Angin Segar dari Arab Saudi
KEDATANGAN Raja Arab Saudi Salman bin Abdulaziz Al Saud ke Indonesia membawa angin segar bagi sejumlah sentra kehidupan Indonesia. Termasuk bidang ekonomi. Yang sudah deal adalah upgrading dan perluasan industri kilang minyak Cilacap senilai USD 6 miliar (Rp 80 triliun). Meski USD 1 miliar lebih sedikit daripada yang diperoleh Petronas, itu cukup membanggakan.
Tidak mudah untuk mendapat kepercayaan investasi dari Saudi. Selama ini Saudi lebih suka berinvestasi dalam bentuk saham dan pasar uang. Setidaknya, hal itu bisa menaikkan nilai Indonesia di mata investor dunia. Sejauh ini, meski hampir semua indikator ekonomi menunjukkan geliat yang menjanjikan, tingkat kepercayaan investasi di Indonesia masih rendah.
Investasi Aramco, perusahaan minyak pelat merah Saudi, itu cukup mengerek kepercayaan asing. Lawatan ke sembilan negara Asia yang dilakukan Raja Salman juga merupakan persiapan untuk sebuah acara initial public offering (IPO/ penawaran saham) Aramco yang disebut-sebut sebagai salah satu yang terbesar di dunia. Aramco adalah sebuah perusahaan dengan
market value hingga USD 2 triliun atau Rp 26,6 ribu triliun. Bandingkan dengan market value Apple Inc yang hanya USD 719 miliar. Jika angka tersebut jadi patokan, rencana IPO Aramco yang hanya melepas 5 persen saham itu senilai USD 100 miliar atau Rp 1.330 triliun. Uang itulah yang diharapkan bisa menambal defisit APBN Saudi yang babak belur karena rendahnya harga minyak belakangan ini.
Karena itu, Saudi kemudian melakukan lawatan dan menawarkan konsep ekonominya (Vision 2030) ke sejumlah negara dengan potensi ekonomi besar di kemudian hari. Terutama Tiongkok, negara yang akan menjadi kekuatan ekonomi terbesar kedua di dunia yang ironisnya di negeri kita justru oleh sebagian masyarakat kita di- bully.
Sayang, momen yang baik ini tidak ditanggapi baik oleh sebagian masyarakat Indonesia. Peluang baik di depan mata ini justru malah menjadi ajang saling bully tidak penting antar masyarakat Indonesia.

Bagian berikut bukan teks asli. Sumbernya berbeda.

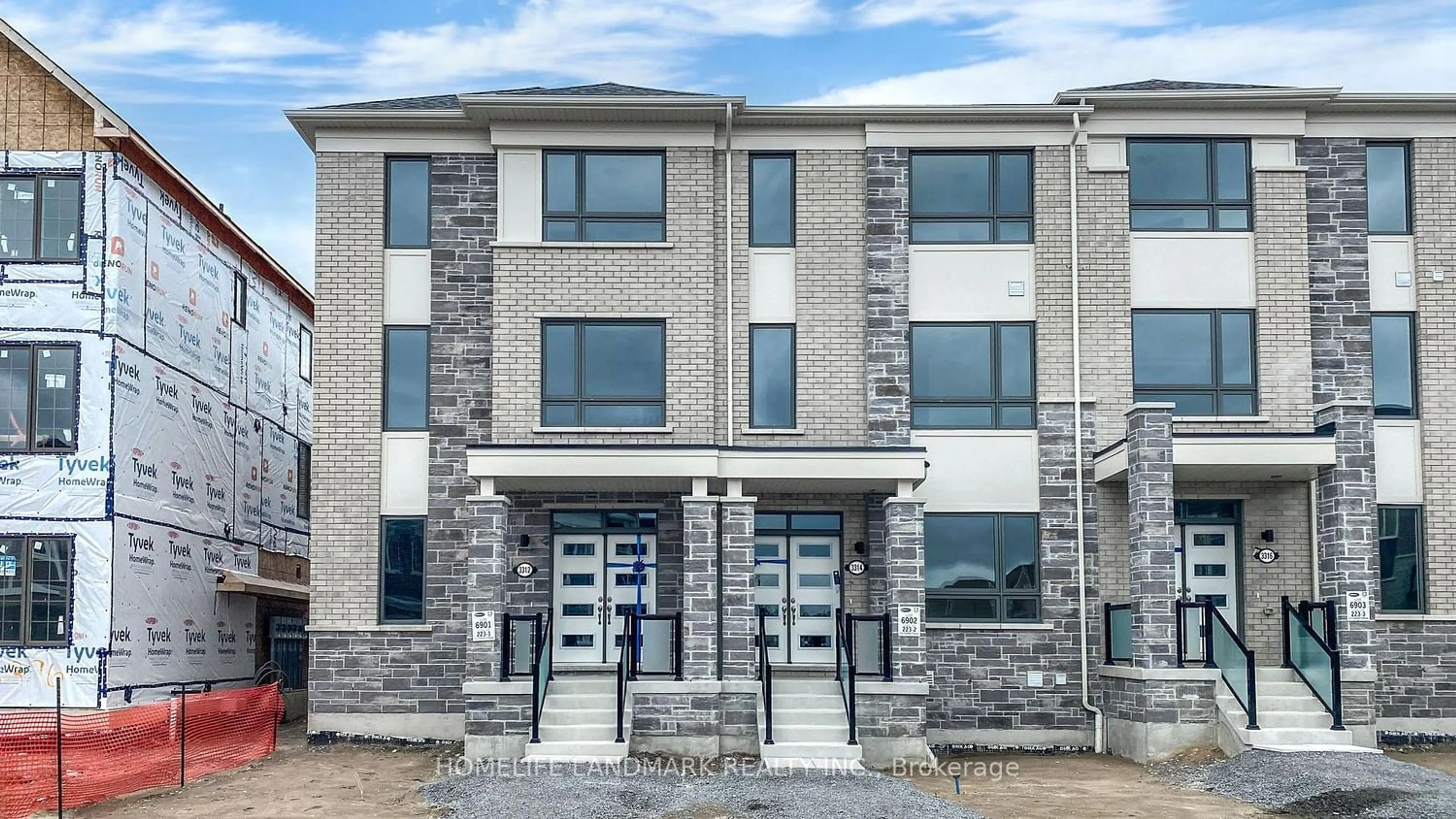 Home with brick exterior material, building for 3312 Thunderbird Prom, Pickering Ontario L1X 0N4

Hoax-hoax bermunculan, terutama terkait dengan maksud dan kedatangan Raja Salman. Masalah salaman bisa menjadi perdebatan sengit yang menjurus kasar di media sosial. Urusan protokoler dianggap sebuah kesalahan besar dan menyakiti umat. Juga, sejumlah hal yang menunjukkan bahwa masyarakat Indonesia, tampaknya, menjadikan media sosial sebagai tempat mengeram dan beternak kebencian hingga ke level yang membuat geleng-geleng kepala.
Satu-satunya cara adalah tidak menanggapi perbedaan itu dan melokalisasi bahwa perdebatan tak mutu tersebut hanya terjadi pada orangorang itu saja yang mempunyai agenda tertentu. Sementara itu, masyarakat lainnya tidak perlu menanggapinya. Mari kita sambut baik angin segar ini dan jangan biarkan perbedaan yang ada terus menebar ujaran kebencian.